Restate word for word the entries below, starting at the line with "Wehrmacht soldier with" and ending at the line with "single story home". Keep both end lines and omit the pictures.

** Opening SOURCE DATA block **

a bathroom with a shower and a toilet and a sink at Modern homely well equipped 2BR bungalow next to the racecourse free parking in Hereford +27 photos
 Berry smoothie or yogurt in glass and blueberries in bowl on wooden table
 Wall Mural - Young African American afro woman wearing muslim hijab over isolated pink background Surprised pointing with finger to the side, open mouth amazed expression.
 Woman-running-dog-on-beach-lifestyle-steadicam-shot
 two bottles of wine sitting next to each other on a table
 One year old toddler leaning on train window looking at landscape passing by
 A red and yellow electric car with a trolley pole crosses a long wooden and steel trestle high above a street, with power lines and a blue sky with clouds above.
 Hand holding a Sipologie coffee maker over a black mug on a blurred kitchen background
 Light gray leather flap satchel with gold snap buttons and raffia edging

** Closing SOURCE DATA block **
** Opening SOURCE DATA block **

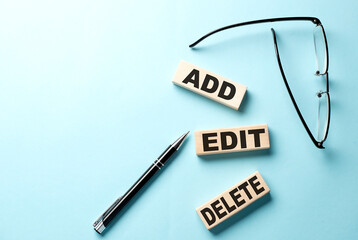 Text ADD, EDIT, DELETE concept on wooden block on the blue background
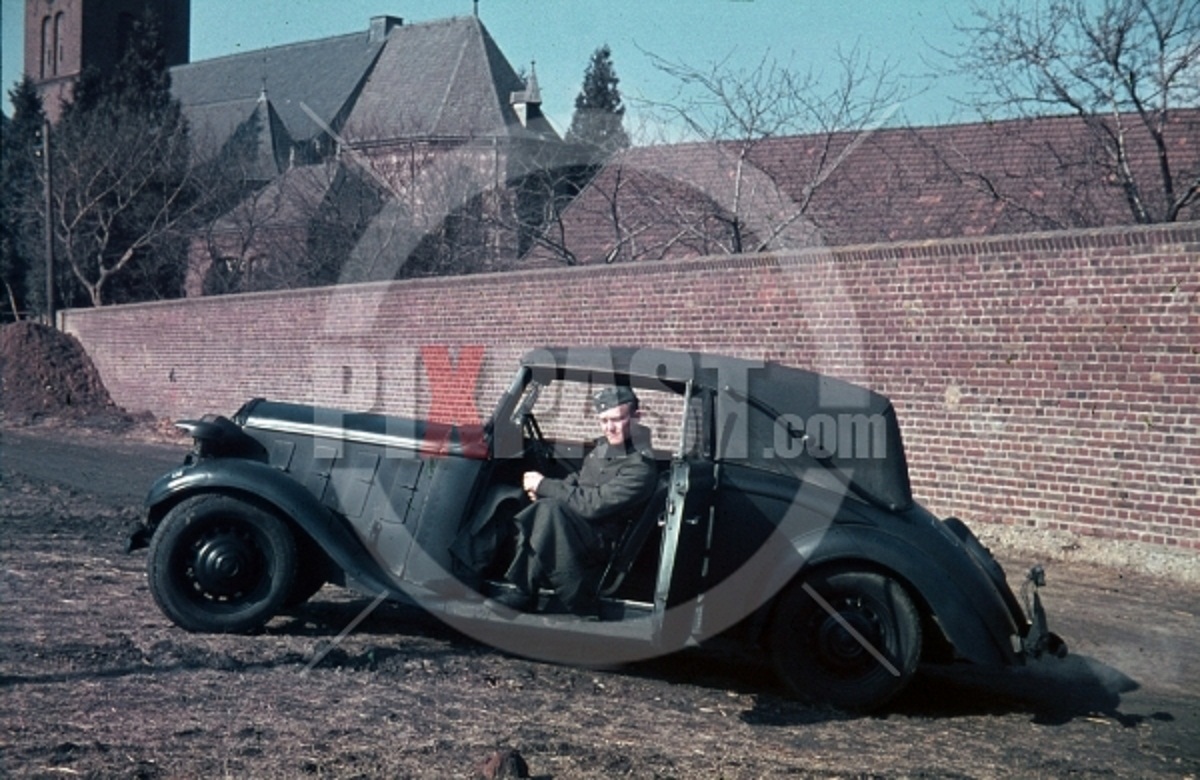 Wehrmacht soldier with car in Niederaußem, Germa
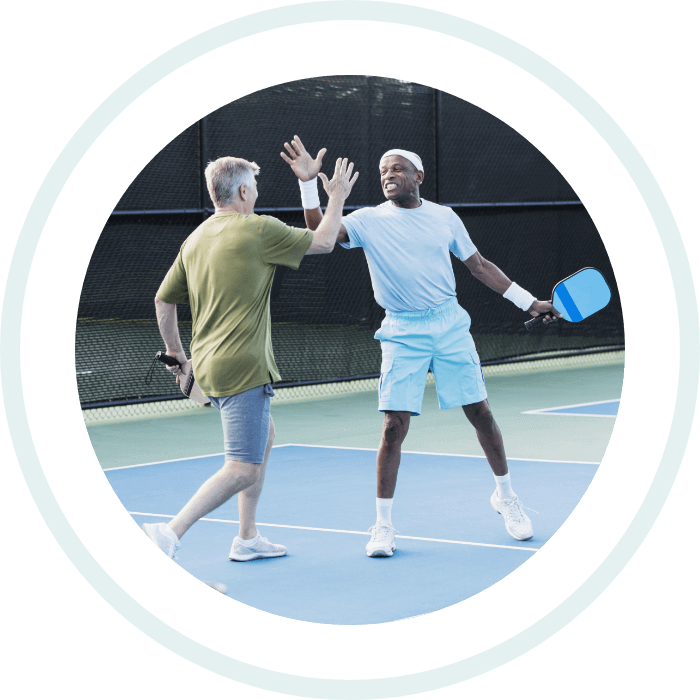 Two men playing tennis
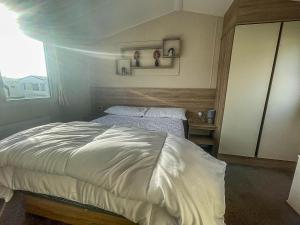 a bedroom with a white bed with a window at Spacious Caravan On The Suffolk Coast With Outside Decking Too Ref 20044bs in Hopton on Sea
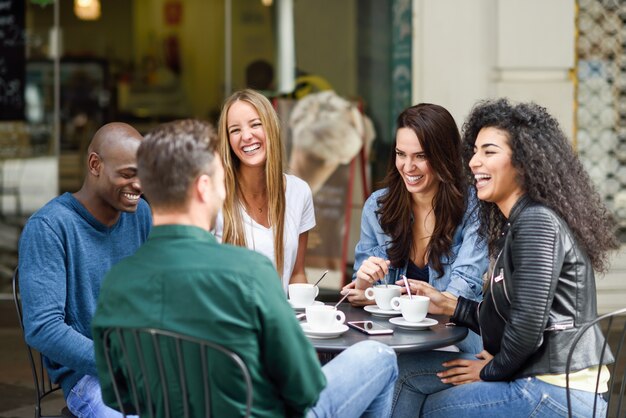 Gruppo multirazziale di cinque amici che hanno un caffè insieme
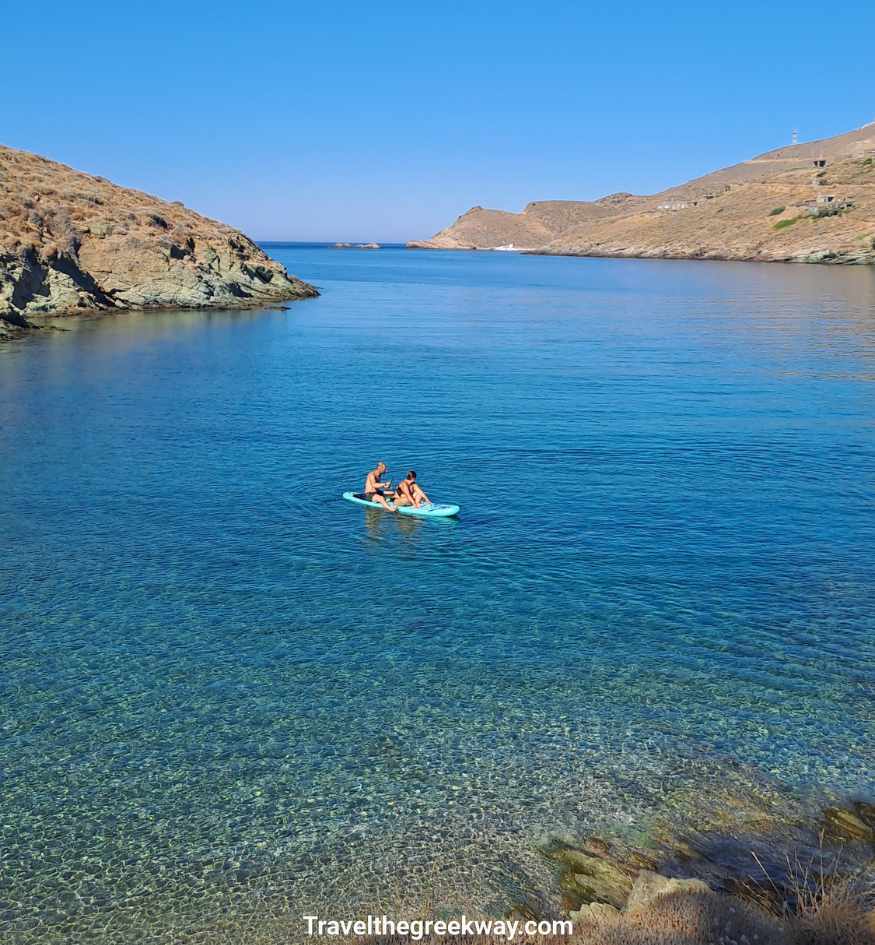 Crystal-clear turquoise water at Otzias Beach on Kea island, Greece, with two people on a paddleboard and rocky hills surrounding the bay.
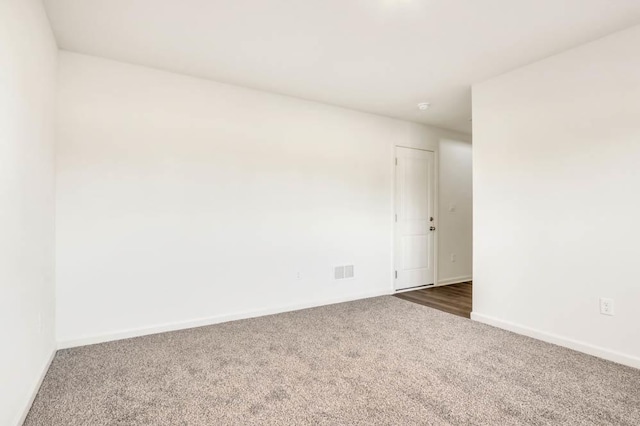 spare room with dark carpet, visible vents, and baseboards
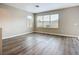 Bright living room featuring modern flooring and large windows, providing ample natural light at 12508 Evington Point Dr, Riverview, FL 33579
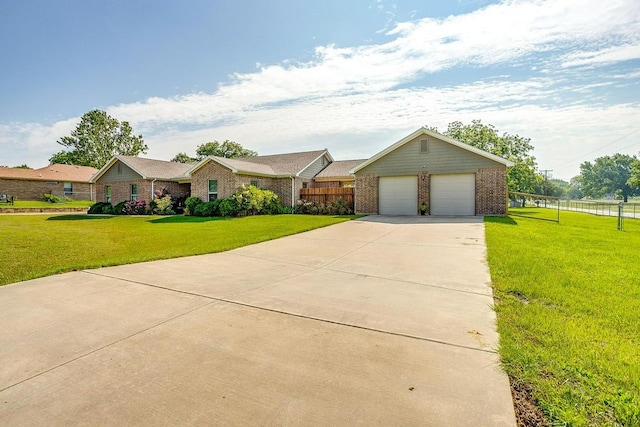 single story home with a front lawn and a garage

** Closing SOURCE DATA block **
** Opening SOURCE DATA block **

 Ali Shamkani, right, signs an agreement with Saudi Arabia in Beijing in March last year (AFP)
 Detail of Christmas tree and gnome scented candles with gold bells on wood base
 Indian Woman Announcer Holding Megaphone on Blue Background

** Closing SOURCE DATA block **

**TASK RESULT:**
 Wehrmacht soldier with car in Niederaußem, Germa
 Two men playing tennis
 a bedroom with a white bed with a window at Spacious Caravan On The Suffolk Coast With Outside Decking Too Ref 20044bs in Hopton on Sea
 Gruppo multirazziale di cinque amici che hanno un caffè insieme
 Crystal-clear turquoise water at Otzias Beach on Kea island, Greece, with two people on a paddleboard and rocky hills surrounding the bay.
 spare room with dark carpet, visible vents, and baseboards
 Bright living room featuring modern flooring and large windows, providing ample natural light at 12508 Evington Point Dr, Riverview, FL 33579
 single story home with a front lawn and a garage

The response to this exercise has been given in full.